Captioned web image data
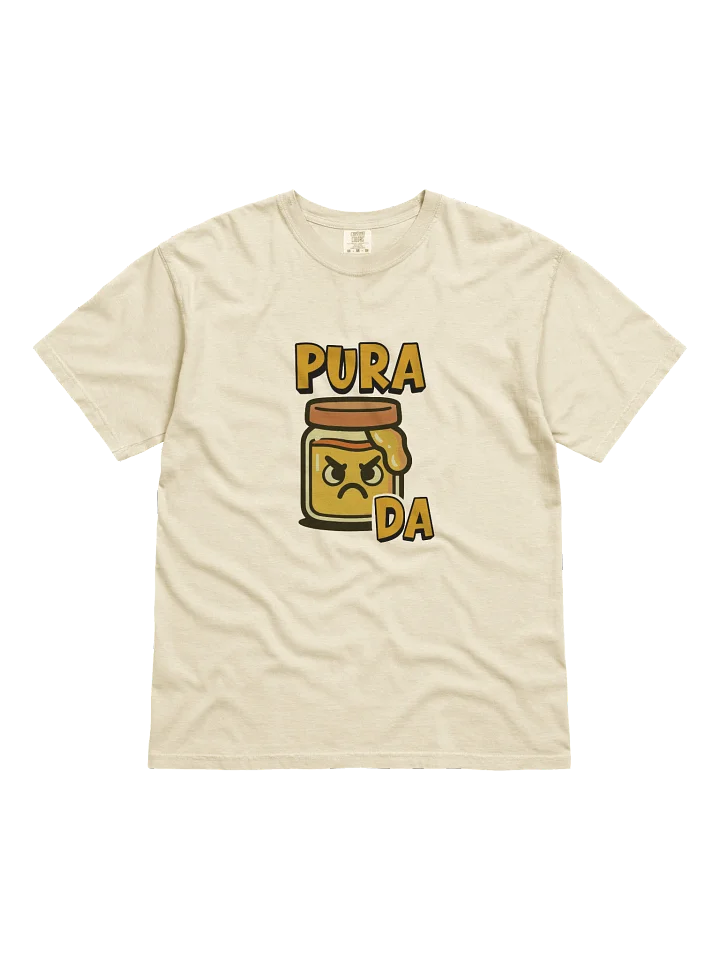 PURA MIEL T-SHIRT product image (3)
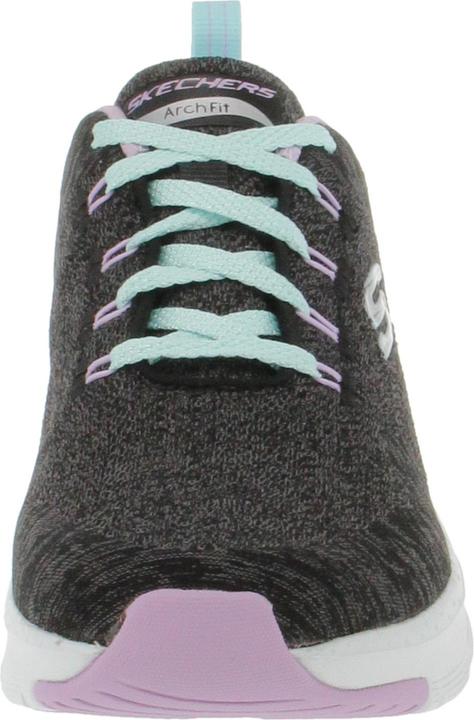 Produktbild Skechers Arch Fit /lavendel (36)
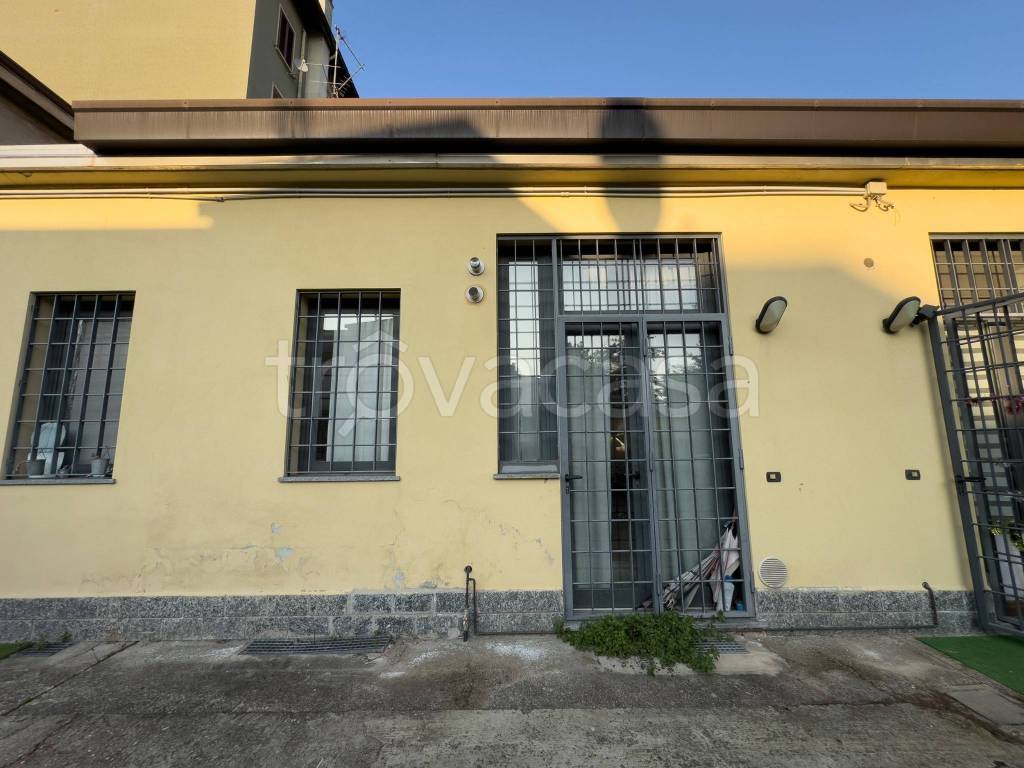 immagine annuncio 5 di 11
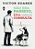 Livro Não Era Passeio, Era Consulta - Imagem 1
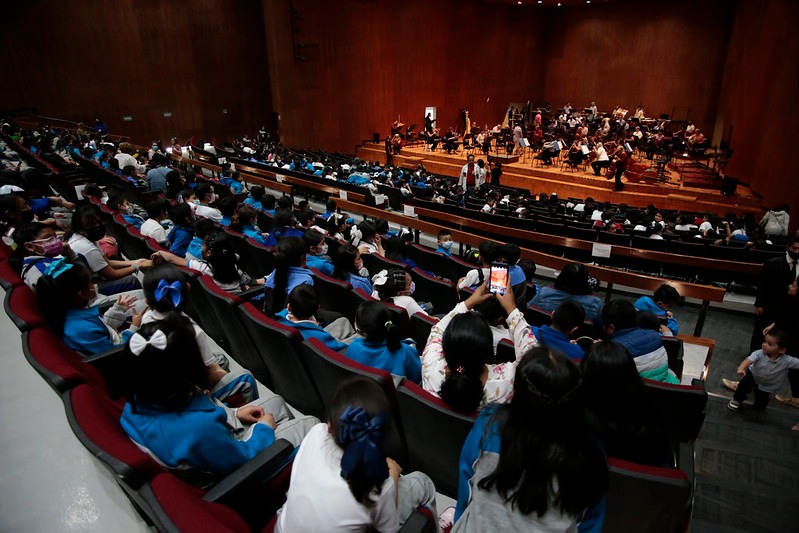 WhatsApp Image 2025-11-26 at 1.13.26 PM.jpeg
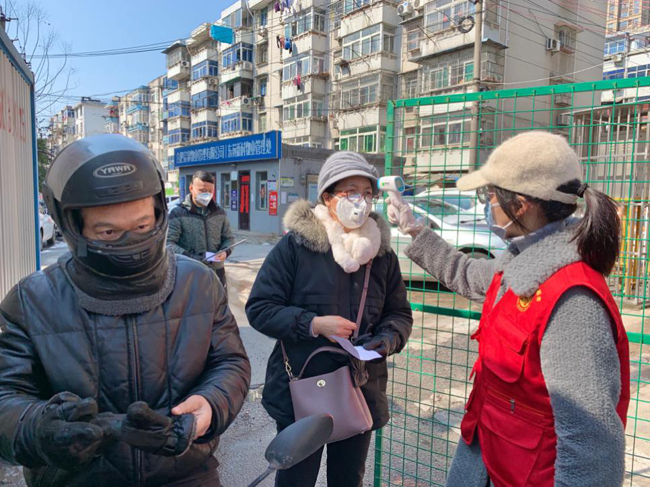 九游会老哥必备的交流社区_论坛帖吧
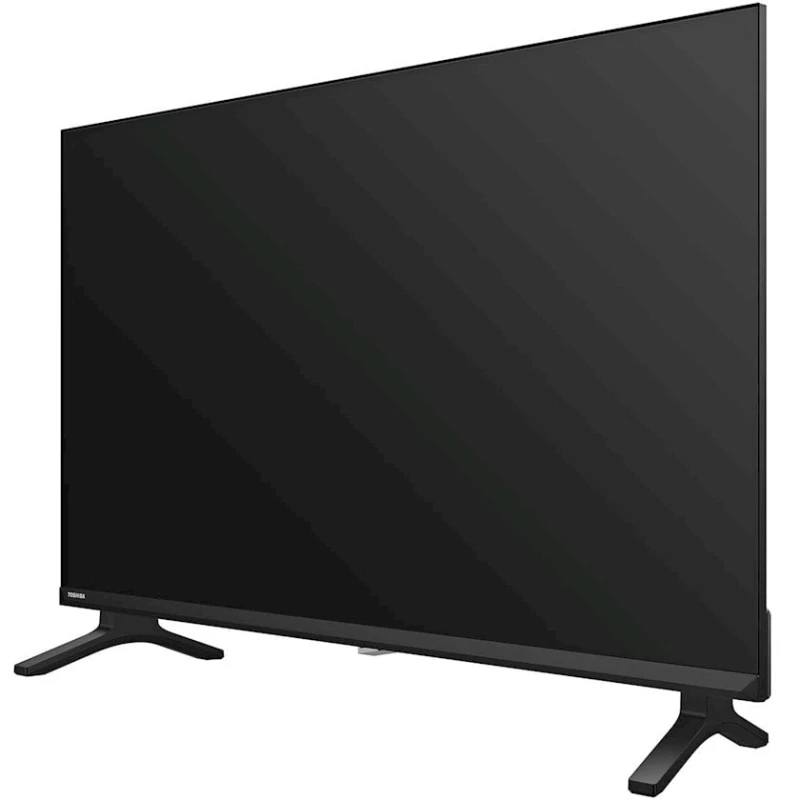 Телевизор Toshiba 43V35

**DESCRIPTION OF THE TASK**
Every line above should be returned word for word, with the pictures left behind.

**RESPONSE**
 PURA MIEL T-SHIRT product image (3)
 Produktbild Skechers Arch Fit /lavendel (36)
 immagine annuncio 5 di 11
 Livro Não Era Passeio, Era Consulta - Imagem 1
 WhatsApp Image 2025-11-26 at 1.13.26 PM.jpeg
 九游会老哥必备的交流社区_论坛帖吧
 Телевизор Toshiba 43V35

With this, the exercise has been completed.